«La escena cobró un movimiento inusitado, se llenó de ruidos de sonajeros, tic-tac de relojes y lloros inconsolables. Una mujer, sosteniendo en brazos a un bebé, se abrió paso gritando entusiasta: <<un niño, ha sido un niño>> […] Aprendí de golpe mi escasa importancia, Me sentí ignorada por todos y crecí rehuyendo el mundo, un mundo de adultos que sólo tenían ojos para él».
La casa de los rincones. Páginas 55 y 56.
La protagonista de este relato solo recupera importancia en la familia cuando se hace evidente que se ha convertido en mujer, que el período la ha hecho fecunda y por lo tanto que hay que darla la atención que merece todo control y encauzamiento hacia comportamientos claros y tradicionales, el compromiso y la boda con un «partido rentable», aunque sea al precio de «engañarla». Su propia madre contribuye a la perpetuación de la esclavitud femenina.

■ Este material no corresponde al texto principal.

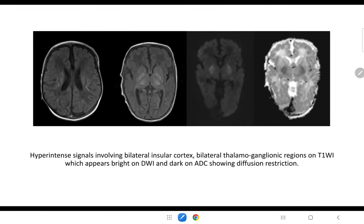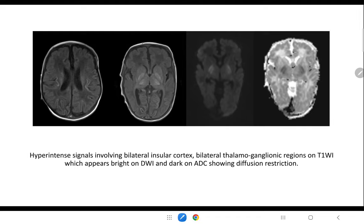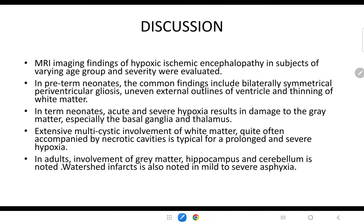FLAIR at the level of ventricles and the capsulolenticular region and diffusion-weighted imaging at the level of the capsuloganglionic region with corresponding ADC maps show hyperintense signals involving bilateral insular cortex and bilateral thalamoganglionic regions, which appear bright on DWI and dark on ADC, indicating diffusion restriction.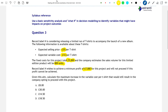So given this profit target, calculate the maximum increase in the variable cost per t-shirt that would still result in Record Label H going ahead with the project. The what-if question here is: what if the variable cost per t-shirt were to increase? How much would it have to increase by before the project was no longer worth it? The best way to approach this question is by using algebra.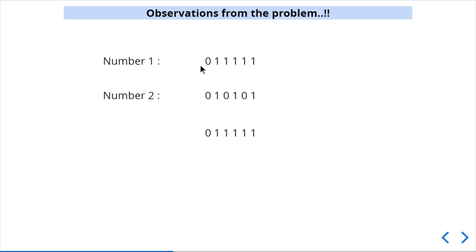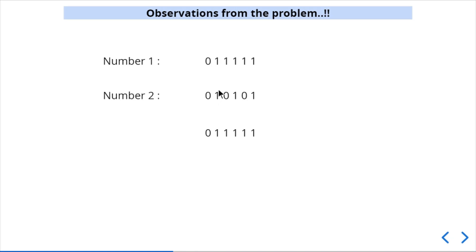Suppose we have number 1 and number 2 in binary. We are ORing these values. The bits that are already 1 won't change — ORing 1 with 1 gives 1, and ORing 1 with 0 also gives 1. So the bits with value 1 do not produce a new number. A new number is only produced when we are able to change a bit from 0 to 1.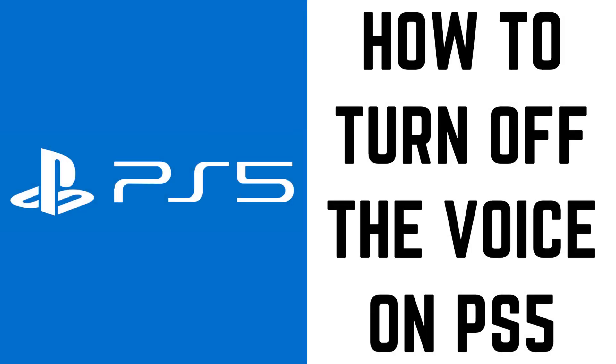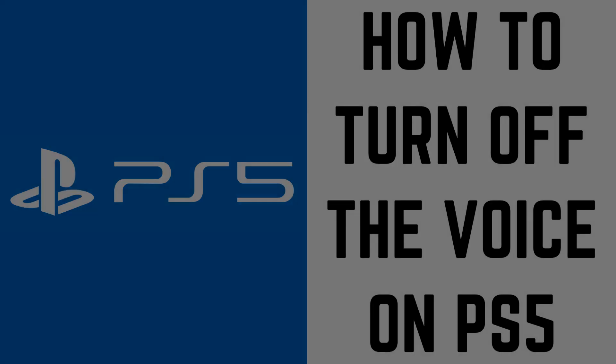Hey everyone. I'm Max Dalton, and in this video I'll show you how to turn off the voice that reads to you on the PS5.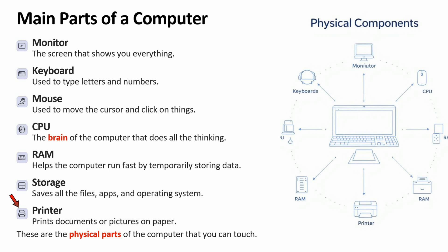Printer is used to print documents or pictures on paper. These are the physical parts of the computer that you can touch.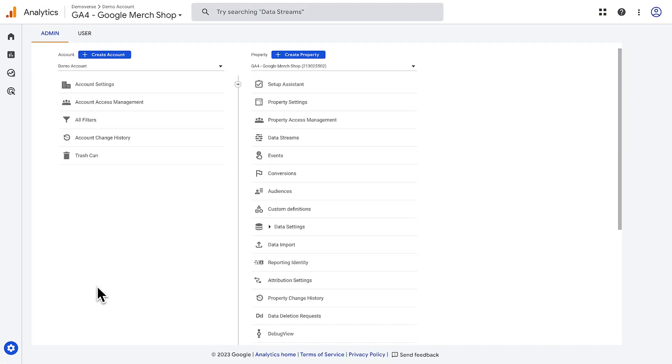Let's take a look at the Admin section where you can manage your Google Analytics account and property settings. If you want employees or colleagues to access your reports and data, you can add or remove users in your account.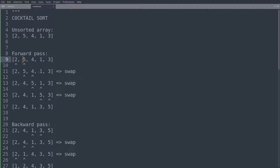Now we're comparing 5 and 4 — the second and third array elements. We see that 5 is greater than 4 but currently comes before it, so we have to make a swap. The array now reads 2, 4, 5, 1, 3. Next we compare 5 and 1 — again a swap is needed, giving 2, 4, 1, 5, 3. One final swap, and the 5 has floated all the way to the right-hand side: 2, 4, 1, 3, 5.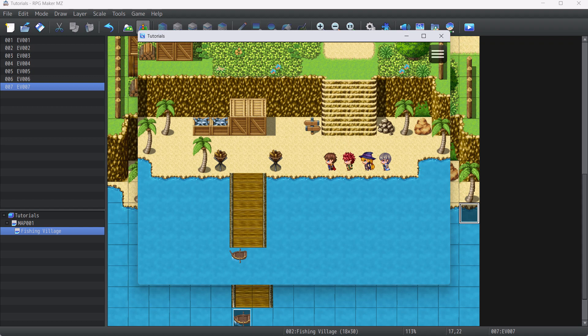Our instant party swap system without using any plugins is finished. That's all for today guys, I hope this video helped. I'll see you in the next video. God bless.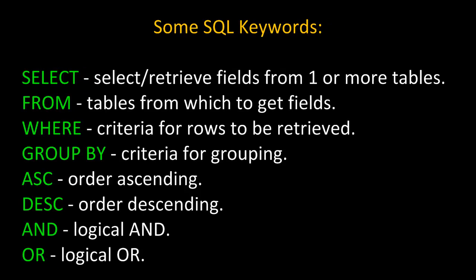Here are some SQL keywords. SELECT, which selects and retrieves fields from one or more tables. FROM, which specifies tables from which to get fields. WHERE, which sets criteria for rows to be retrieved.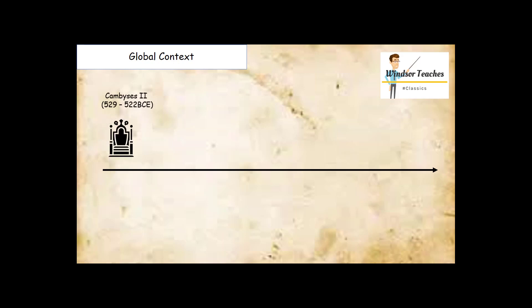Around the time of Superbus's rule, Cambyses II comes to the throne in Persia. Cambyses is best known for the Battle of Pelusium in 525 BC, in which he supposedly has his soldiers wear armor made of cats, which to the Egyptians are sacred animals.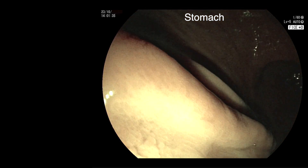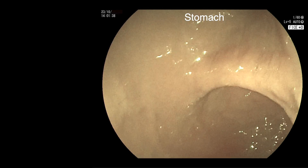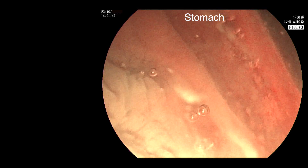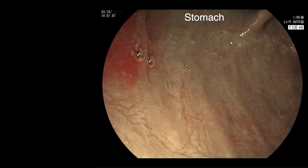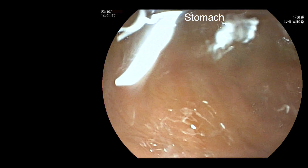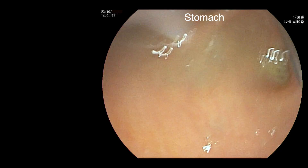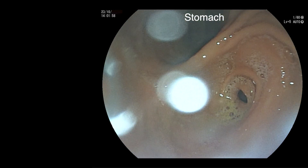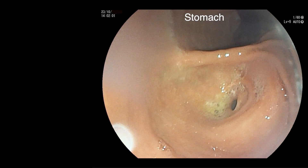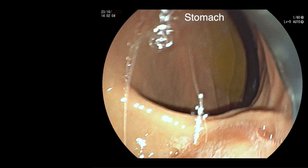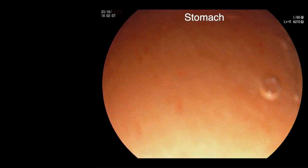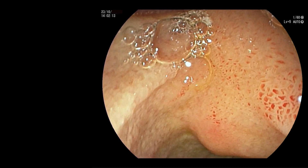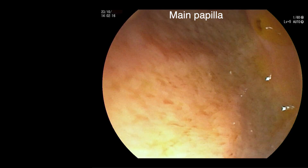The scope goes down surprisingly easily and we find ourselves in the stomach. There is no obvious big bulge of the stomach wall. The scope is then passed through the pylorus and the papilla is found easily in the second part of the duodenum. Bile can be seen flowing from the papillary orifice.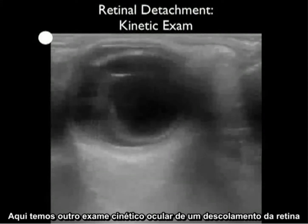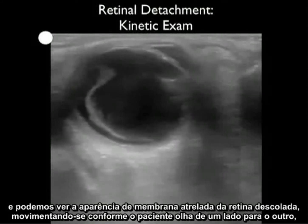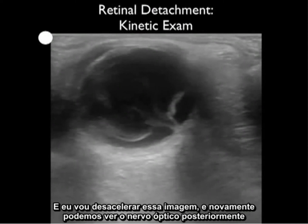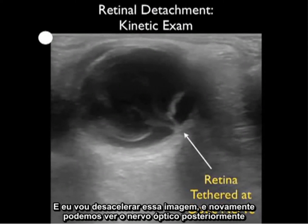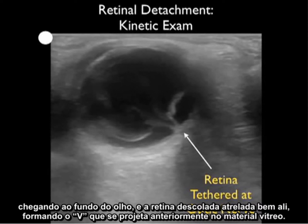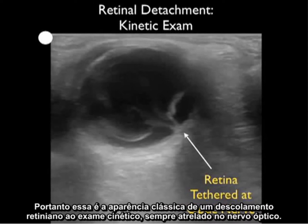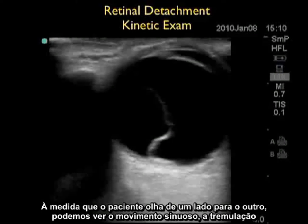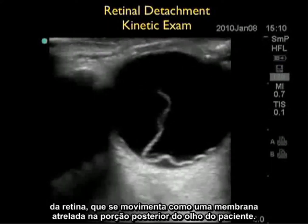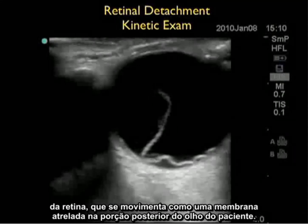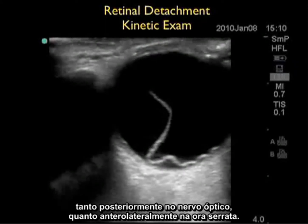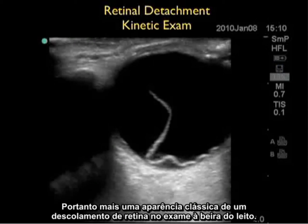Here's another ocular kinetic exam of a retinal detachment. We can see the tethered membrane appearance of the detached retina moving as the patient looks from side to side, with a classic V-shape that tethers in at the optic nerve sheath. Stilling the image, we can see the optic nerve posteriorly and the detached retina tethered there, forming a V coming anteriorly into the vitreous material. In another clip, we see the serpentine motion — the flicker of the retina — as a tethered membrane attached both posteriorly at the optic nerve and anterolaterally at the ora serrata.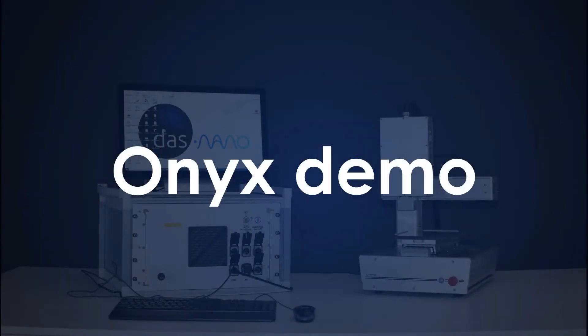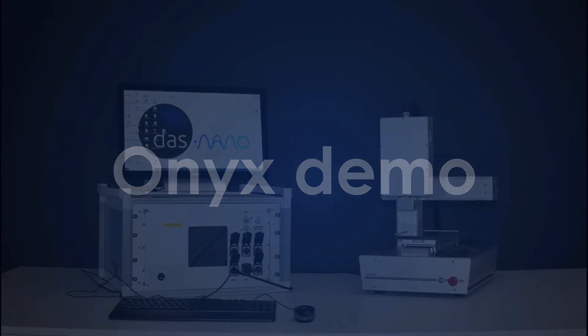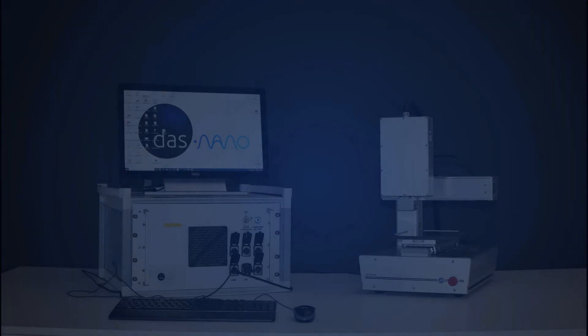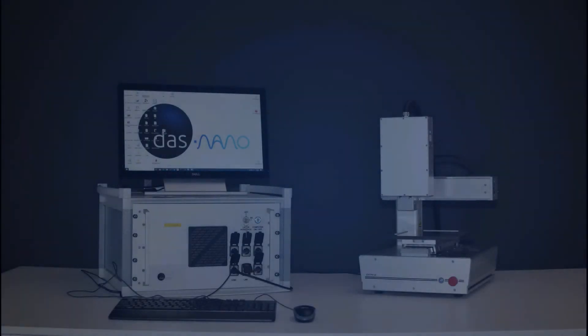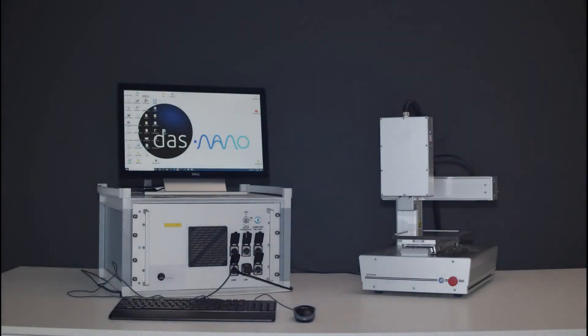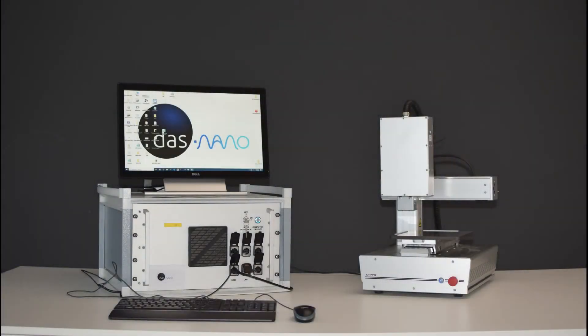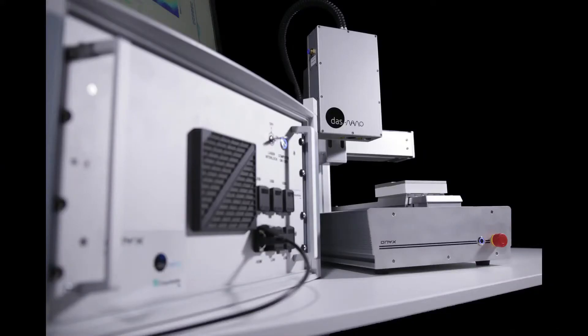We will now start a short demo of the ONIX tool. We will characterize a bare quartz substrate sample and a P-dot sample over quartz substrate.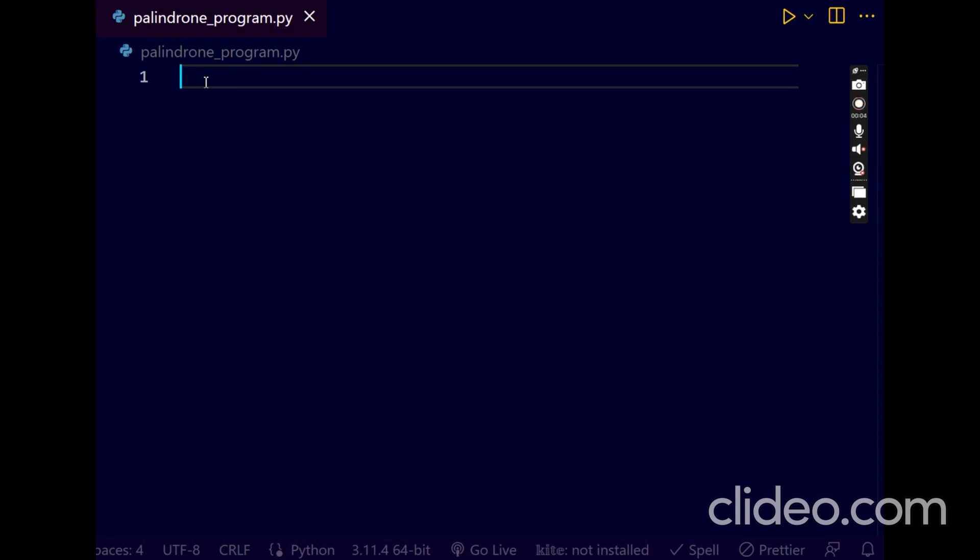Welcome back to my channel. Today I am going to discuss about Palindrome Program. I will tell you two methods. If you see this complete video, you can understand the logic. Please don't skip the video.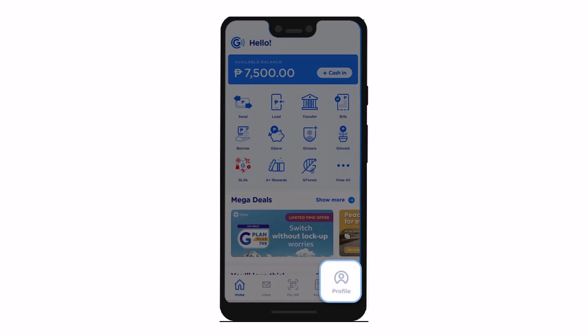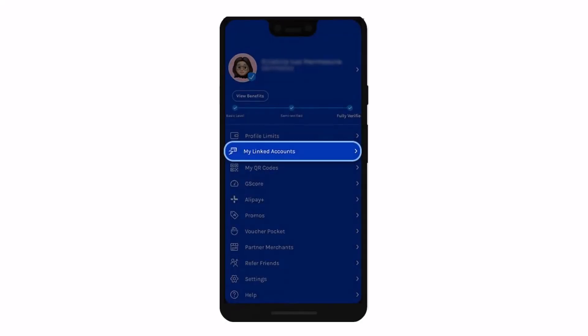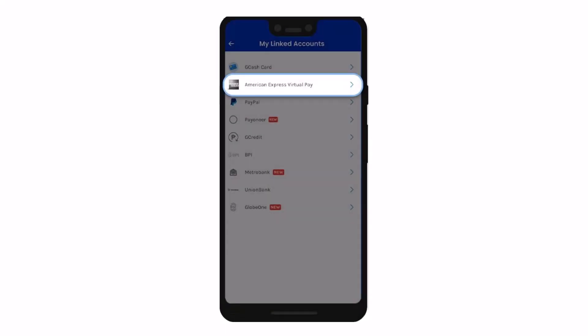First, go ahead and open your GCash application and then tap on the profile icon from the bottom right-hand side of the screen. Once you tap on the profile icon, on the next page you have to choose the option called My Linked Account. Once you go to My Linked Account, just tap on the option that says American Express Virtual Pay.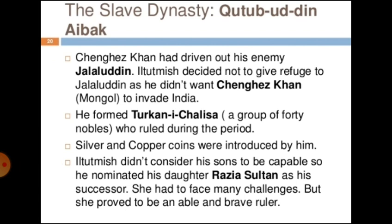He formed a group of 40 nobles who ruled during this period.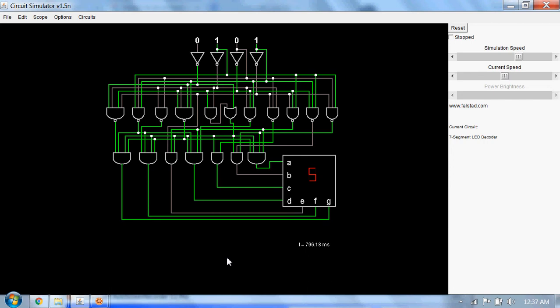Here you can see the 7 segment driver consists of different gates. I will show you the simulation.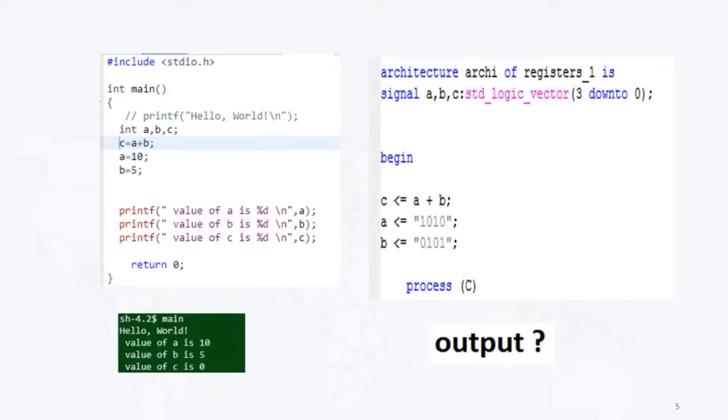So what will happen? It will assign first a and b values, and after that it will perform the operation. So definitely I will get correct result inside the c variable. So this is the advantage of VHDL language: it is showing the parallelism in our design. That's why we are calling it as concurrent.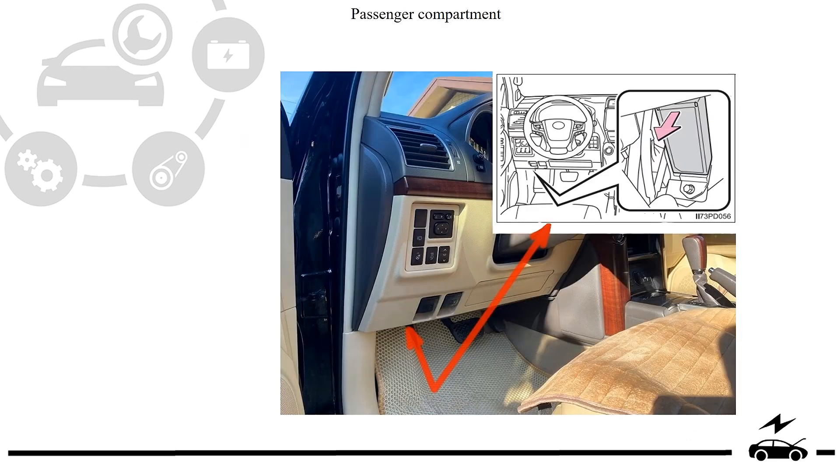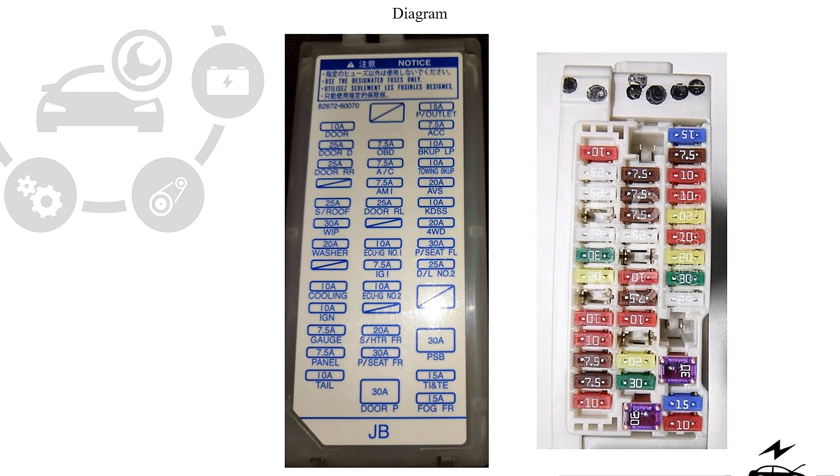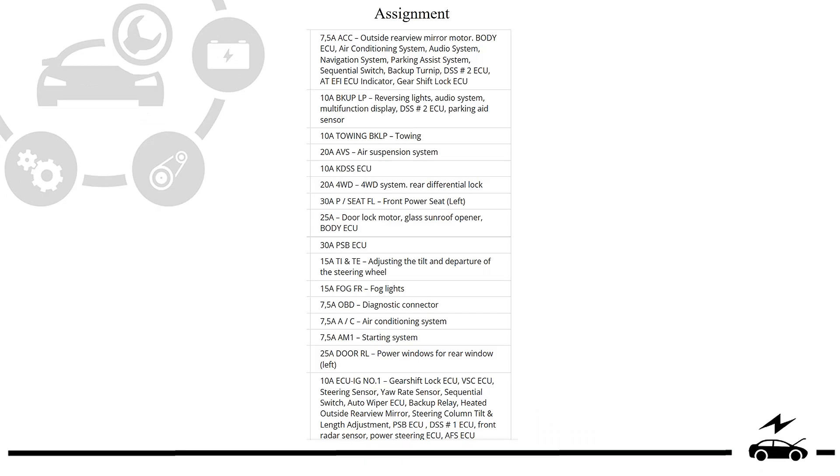Passenger compartment fuse box: location, photo, diagram, assignment.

En este sentido, como buena docente universitaria, y para más datos de Psicología, la autora parece continuamente subrayar la importancia de la educación impartida como fuente de control y de aniquilamiento de la personalidad de la mujer, centrando a partir de ahí su esfuerzo por indicar que la imaginación, el sueño y la libertad conforman el mundo alternativo a estas formas caducas e injustas de formación -o desformación.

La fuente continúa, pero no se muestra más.